In particolare, dalla fine di luglio le autorità serbe hanno messo sotto inchiesta quaranta tra organizzazioni non governative e media indipendenti, assieme a venti persone, accusate di riciclaggio di denaro e di possibili legami con il terrorismo, senza che venissero formalizzate accuse specifiche agli indagati. “Tra essi figurano alcune delle ONG più importanti, come il Comitato Helsinki in Serbia e il Centro per i diritti umani di Belgrado, come anche siti di giornalismo investigativo quali BIRN, CINS e KRIK, i quali hanno rivelato molti scandali del regime di Vucic, fatti di corruzione e abusi di potere. “Aleksandar Vucic è un uomo assetato di potere, con una insaziabile sete di potere e controllo”, dichiara l’analista politico con base a Vienna Vedran Džihić in merito ai retroscena di queste indagini. “E’ difficile per lui accettare una qualche critica, gli attacchi alle ONG e ai giornalisti indipendenti seguono lo schema di altri autocrati come Putin, Orban o Erdogan”. La testata ricorda che Vucic era ministro dell’informazione ai tempi di Slobodan Milosevic nel 1995 e circa dieci anni fa ha scelto un profilo tatticamente più moderato a fini elettorali. “Come Presidente della Repubblica Vucic ha solo poteri limitati. Nei fatti governa la Serbia senza vincoli. Il suo potere è rafforzato dal fatto che i partiti di opposizione sono divisi, non hanno per lo più credibilità e intendono solo in parte sconfiggere Vucic, per lo più da destra”, commenta Der Spiegel, secondo il quale per Vucic i giornalisti sono un pericolo reale per il suo potere perché le inchieste hanno causato diffusa indignazione e mobilitato le persone. “Dall’Unione europea o dal ministero degli esteri di Berlino, particolarmente attivo nella regioen dei Balcani occidentali, non vi sono state critiche alle accuse dirette ai giornalisti di fare riciclaggio di denaro. La cosa più importante per Bruxelles e Berlino è di non perdere Belgrado come partner per la soluzione della questione Kosovo. In questo senso Vucic puà contare sul totale supporto del presidente ungherese Orban e del suo partito Fidesz, il quale, come l’SNS di Vucic, fa parte del Partito Popolare Europeo. Orban è uno dei più convinti sostenitori di una rapida adesione della Serbia all’Unione europea, così da portare ulteriore peso alle democrazie illiberali che si oppongono a Bruxelles”. 

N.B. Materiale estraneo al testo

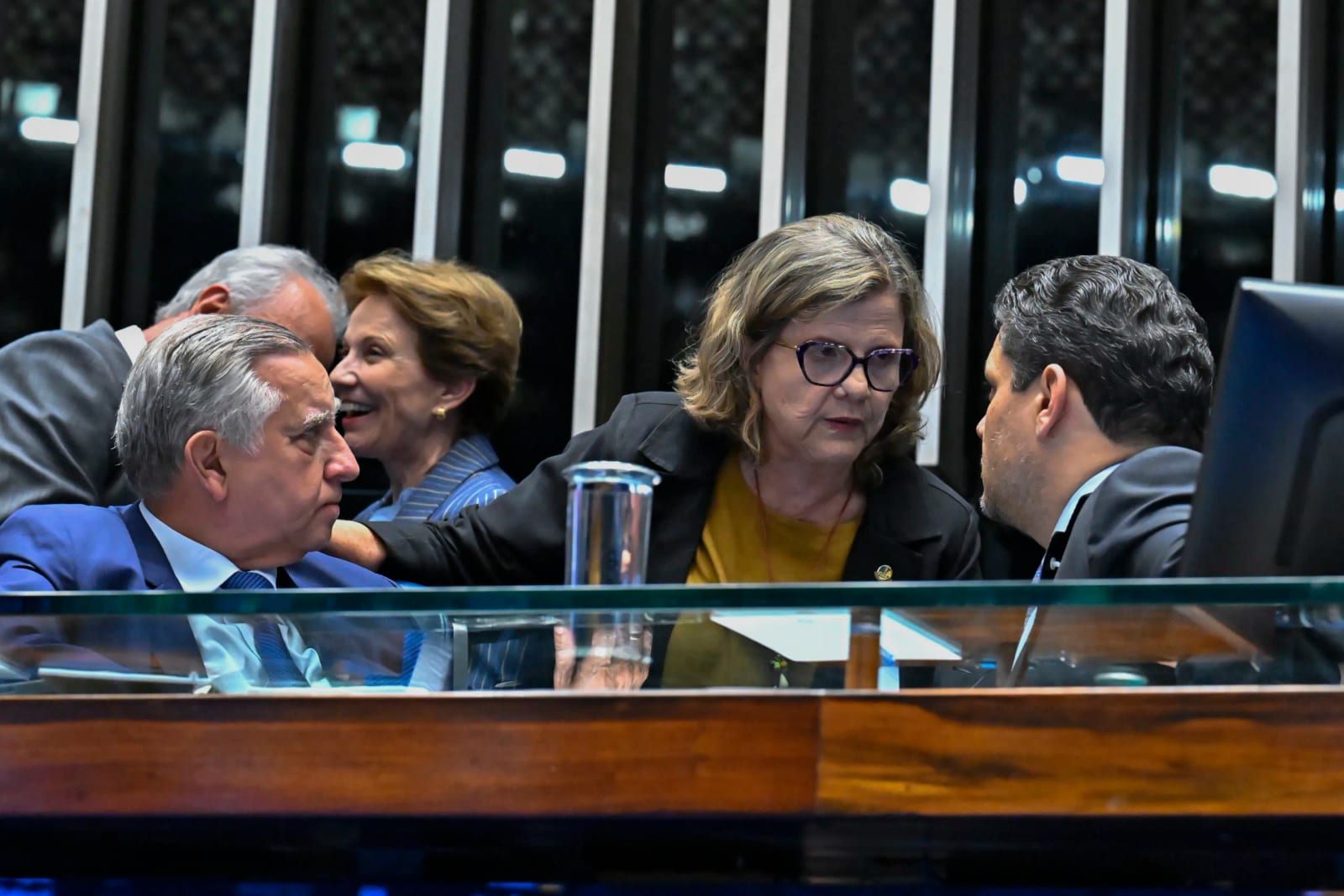 Oposição tenta esvaziar debate sobre fim da 6×1 mas discussão segue no Senado; Lula cobra posição de Flávio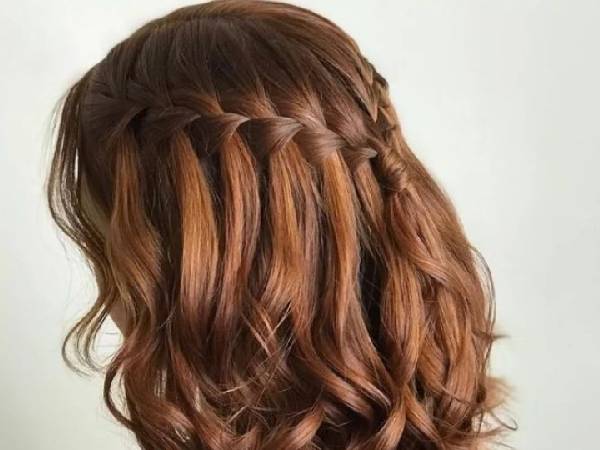 वॉटरफॉल ट्विस्ट वेव हेयर स्टाइल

“Il progetto di un’alleanza di democrazie europee illiberali contro la Ue e la democrazia”, dice Dzihic, il quale aggiunge: “Di conseguenza, dovrebbe essere chiaro che i tatticismi e l’approccio pragmatico ai nuovi autocrati non li frenerà e non li porterà verso un approccio democratico”. Per Dzihic, la Ue dovrebbe sostenere le forze liberali e democratiche in Serbia per non perdere, prima o poi, gran parte della sua legittimità”. 

“Nel frattempo Vucic aveva annunciato che un’inchiesta stava venendo condotta verso quattro ministri dell’attuale governo accusati di riciclaggio di denaro, senza specificarne i nomi. Uno di essi dovrebbe essere il ministro delle finanze Sinisa Mali, che rappresenta icasticamente la corruzione in Serbia”, spiega Dzihic, sottolineando che Mali è coinvolto in uno scandalo relativo a un grosso progetto immobiliare a Belgrado.